• [Exercise prompt]
Write out the listing below character for character, though without its pictures.
(Beginning of Data shown)
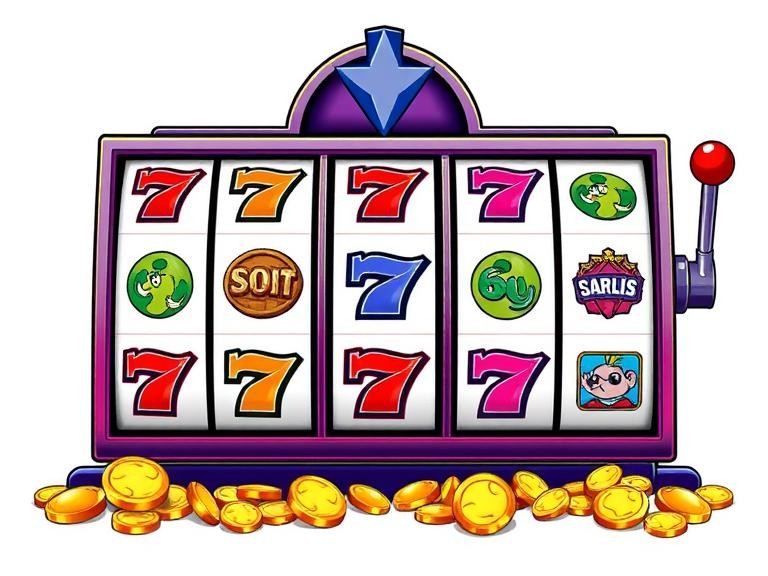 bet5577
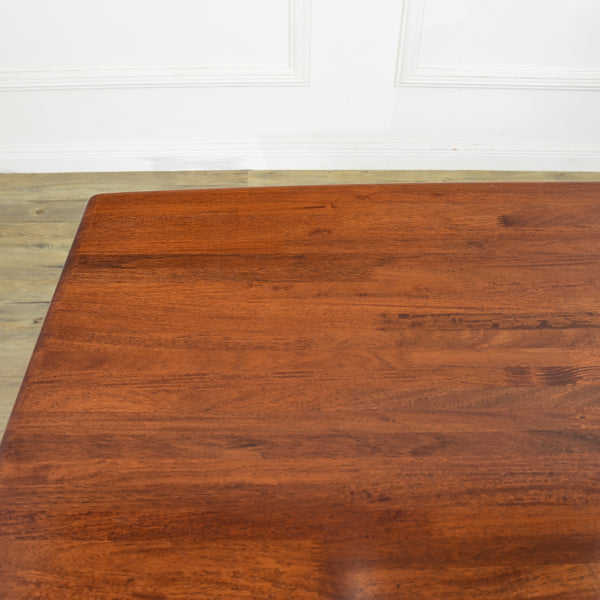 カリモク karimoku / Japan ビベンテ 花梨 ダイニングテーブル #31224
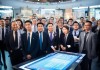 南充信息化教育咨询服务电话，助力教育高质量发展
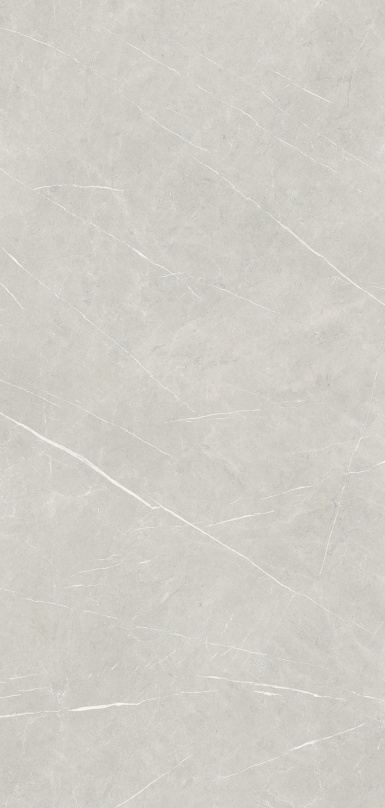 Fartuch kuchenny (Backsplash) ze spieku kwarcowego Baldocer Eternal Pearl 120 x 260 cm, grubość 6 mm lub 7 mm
(End of Data shown)
• [Response to the task]
 bet5577
 カリモク karimoku / Japan ビベンテ 花梨 ダイニングテーブル #31224
 南充信息化教育咨询服务电话，助力教育高质量发展
 Fartuch kuchenny (Backsplash) ze spieku kwarcowego Baldocer Eternal Pearl 120 x 260 cm, grubość 6 mm lub 7 mm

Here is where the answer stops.